Lula libero o Lula intrappolato? Anche lo scrittore Paulo Coelho si è mostrato solidale con l’ex presidente, vittima di un processo farsa nella difficile realtà brasiliana

da Curitiba (Brasile), Màrcio Enrique.

15 Ottobre 2019 – Il Brasile è spesso agli onori della cronaca. Dietro la facciata grottesca del neopresidente Bolsonaro, un ex-militare dichiaratamente di estrema destra, con idee del tipo: elogio della dittatura, odio per gli omosessuali, liberalismo spinto – un piccolo Trump, insomma – si nasconde in realtà il Paese tra i dieci più grandi del mondo, il maggiore dell’America del Sud, di enorme influenza.

Questo il motivo per cui ha destato clamore anche all’estero la notizia che l’ex presidente Luiz Inácio Lula da Silva, condannato a 12 anni e 11 mesi di carcere per corruzione per lo scandalo Petrobras, per molti, come Dilma Rousseff, una vittima di Bolsonaro, il 23 settembre scorso, scontato un sesto della pena, ha ottenenuto il diritto alla semilibertà.

Dal primo momento in cui è entrato in carcere, Lula ha ripetuto: «Uscirò da qui solo quando la mia innocenza sarà riconosciuta al 100%». Per cui non ha accettato dei domiciliari con relativa umiliazione del braccialetto elettronico.
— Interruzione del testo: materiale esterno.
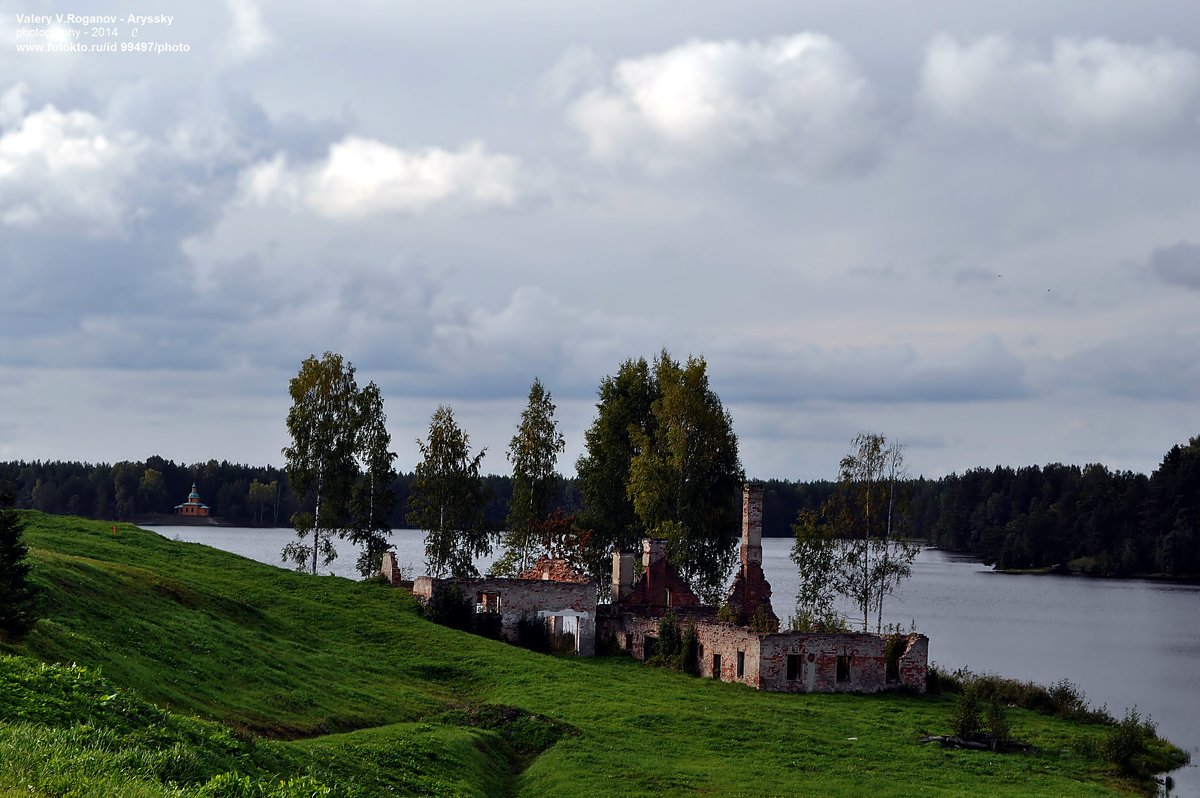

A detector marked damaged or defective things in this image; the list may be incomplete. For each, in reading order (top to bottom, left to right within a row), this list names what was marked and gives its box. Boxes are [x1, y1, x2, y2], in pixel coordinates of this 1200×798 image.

broken window opening [836, 652, 852, 684]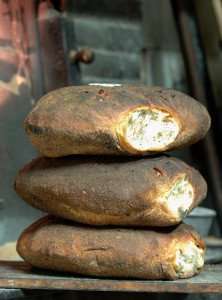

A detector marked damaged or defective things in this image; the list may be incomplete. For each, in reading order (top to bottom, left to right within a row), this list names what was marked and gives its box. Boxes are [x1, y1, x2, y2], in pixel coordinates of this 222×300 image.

rusty metal surface [0, 262, 221, 294]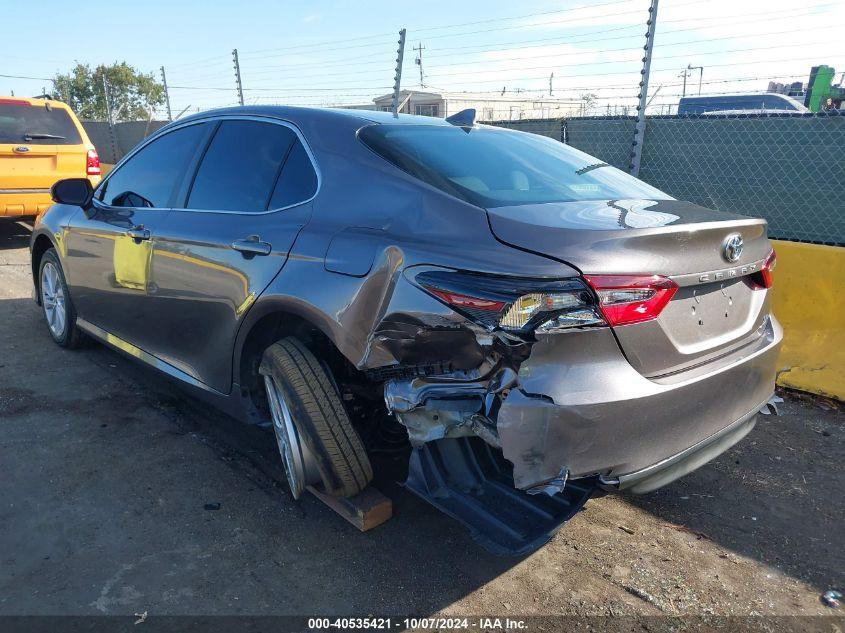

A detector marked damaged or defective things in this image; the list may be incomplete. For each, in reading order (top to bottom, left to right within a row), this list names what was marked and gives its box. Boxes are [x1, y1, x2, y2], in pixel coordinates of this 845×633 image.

damaged gray sedan [34, 107, 784, 552]
broken taillight lens [414, 270, 600, 334]
broken taillight lens [584, 274, 676, 326]
crushed rear bumper [498, 318, 780, 492]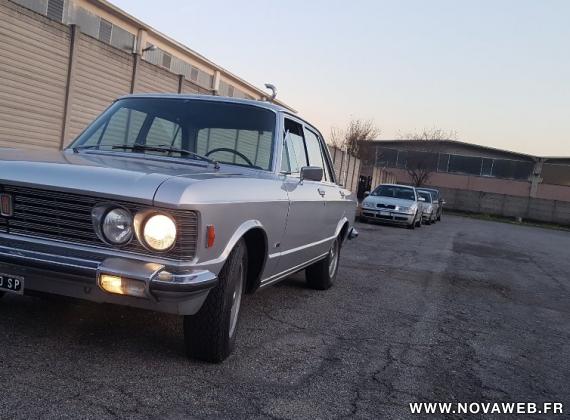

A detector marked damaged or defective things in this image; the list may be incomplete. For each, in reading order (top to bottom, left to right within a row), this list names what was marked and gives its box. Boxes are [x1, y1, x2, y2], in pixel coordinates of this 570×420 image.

cracked asphalt [0, 215, 564, 418]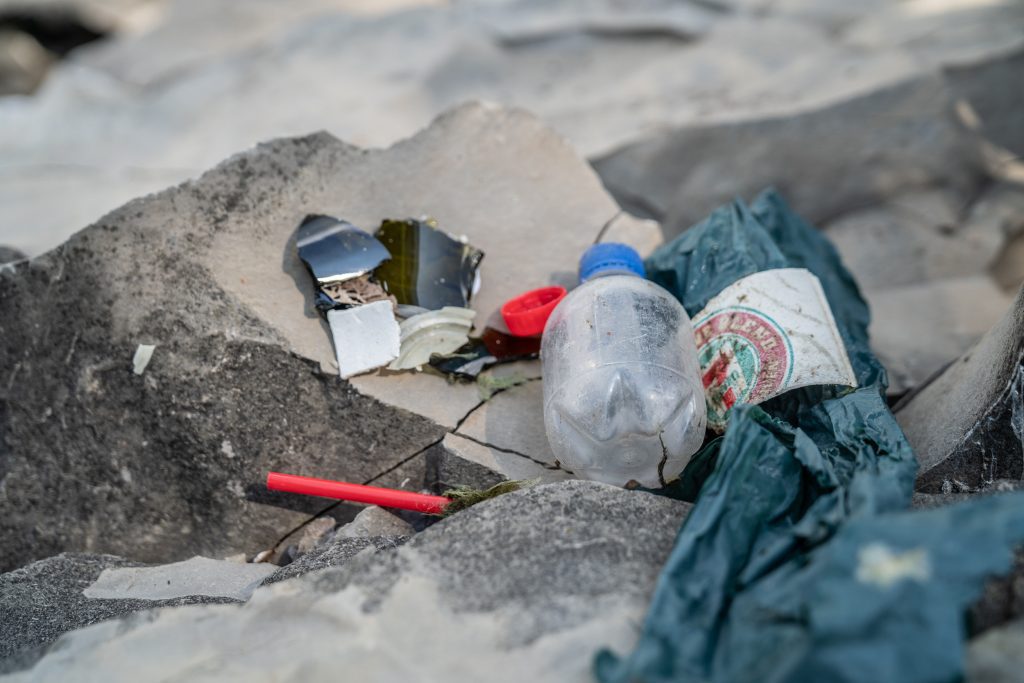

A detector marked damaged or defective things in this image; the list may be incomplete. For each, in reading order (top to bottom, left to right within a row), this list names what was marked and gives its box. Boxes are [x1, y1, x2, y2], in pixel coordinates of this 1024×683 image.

broken plastic shard [299, 216, 393, 286]
broken plastic shard [374, 218, 485, 311]
broken plastic shard [327, 301, 399, 378]
broken plastic shard [387, 307, 475, 370]
torn paper label [696, 268, 856, 432]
Non è uscito perché innocente, però, ma solo perché il Procuratore ha constatato «la buona condotta in carcere» dell’ex presidente. La lettera ha avuto l’effetto opposto, convincendo Lula a restare in carcere un altro po’ nella speranza di poterne uscire poi completamente pulito, con tutte le carte in regola, cioè, per riprendere il discorso là dove si era interrotto: con la candidatura alla presidenza del Brasile. Perché il punto, ormai, non è più se Lula uscirà o meno di prigione – quasi nessuno in Brasile pensa che ci resterà ancora a lungo – ma come ne uscirà. «Non scambio la mia dignità con la mia libertà», ha scritto in una lettera aperta divulgata un paio di settimane fa per mezzo del suo avvocato. «Voglio che sappiano che non accetto di mercanteggiare la mia libertà e i miei diritti». E allo scrittore Paulo Coelho, che gli aveva inviato un messaggio di solidarietà, l’ex presidente ha ribadito: «Non accetterò favori da chi ha lasciato il paese in balìa della menzogna. La verità vincerà. È questo che toglie loro il sonno». A dare ragione a Lula è anche la sua nuova compagna, la sociologa Rosângela da Silva con cui l’ex presidente 74enne ha già annunciato che si sposerà una volta uscito di prigione: «La libertà arriverà, ma non porterà la firma di chi ha frodato la giustizia».